I think it should be discharged. There is no ownership link between the Defendant and the “Sovereign”. The Defendant is not the owner of the “Sovereign.” It is not his asset nor is the asset of the joint venture enterprise. Even if the Plaintiffs succeed against the Defendant, they can not seize this “Soverign” to satisfy any judgment that they may obtain against the Defendant. Although under the joint-venture agreement, the vessel was intended to be the major capital asset , it has never been transferred as an asset of the joint-venture either alone in the name of Philma Export Fisheries 105-90 of Solomon Islands or Philma Export Fisheries 105-90 of Australia or jointly in their names. By an Agreement dated 5th August 2001, entered into with the Defendant, the 1st and 2nd Plaintiffs withdrew from the current action and agreed to start afresh on another agreed to start afresh on another joint venture enterprise. By that agreement the joint-venture agreement signed by the parties on 6th November 2000 was terminated. As far as the 1st and 2nd Plaintiffs and the Defendants are concerned, there is nothing more to discuss under the old joint-venture agreement. The arrangement had apparently misfired and the Defendant and the 1st and 2nd Plaintiffs are now looking ahead to the future under a new proposed arrangement. I can understand the attitude of the of the 1st and 2nd Plaintiff in easily agreeing to the Defendant’s advice to forget the past and look into the future, as in the case in the Agreement signed on 5th August 2001. The Defendant obviously will be the person who will be negotiating the financing of the new joint-venture enterprise and finding another vessel for the use of the new-joint venture enterprise. Clearly, for them the old joint-venture agreement is a thing of the past. The 3rd Plaintiff is no longer included in their new arrangement. No one knows as he may be invited in at a later stage. This scenario clearly dictates that there is really no basis to continue the exparte Injunction in this case. I would discharge the orders accordingly.

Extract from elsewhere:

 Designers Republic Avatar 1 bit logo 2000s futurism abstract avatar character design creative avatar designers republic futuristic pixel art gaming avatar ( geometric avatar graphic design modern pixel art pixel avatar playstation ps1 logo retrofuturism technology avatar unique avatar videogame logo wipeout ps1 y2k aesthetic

I do not however think I can grant the Order sought in paragraph 1A of the Amended Summons. The Amended Statement of Claim filed on 21st August 2001 till cites Philip Korya and Elma Korya as the 1st and 2nd Plaintiffs in this action even after they had expressed their desire to withdrew form this action. I am not sure about the 3rd Plaintiff’s intention in this action. If he wishes to continue, he may seek leave to amend the Writ of Summons and the Amended Statement of Claim. I do not, in this regard, wish to pre-empt the 3rd Plaintiffs next move in this case. As to costs, I think the best course to take is that each party should pay his own costs. The Defendant and the 3rd Plaintiff do not seem to be on good terms although the 3rd Plaintiff does not seem to know why this should be so. The fact that the “Sovereign” may be returned to it owner in Australia is not the fault of the 3rd Plaintiff. He said he was led to believe that the Defendant was the owner of the “Sovereign” and now he knows that is not the case anymore. He came to know about this fact only after this application was filed in Court. It is clearly the Defendant who was not able to secure the ownership of the “Sovereign” to sustain the operation of the joint venture agreement signed on 6th April 2000. In the result, the Order of this Court is that-
1. The Exparte Order signed and sealed on 23rd July 2001 be discharged;
2. Security for costs in the sum of $50,000.00 is refused;
3. Each party is to meet his own costs.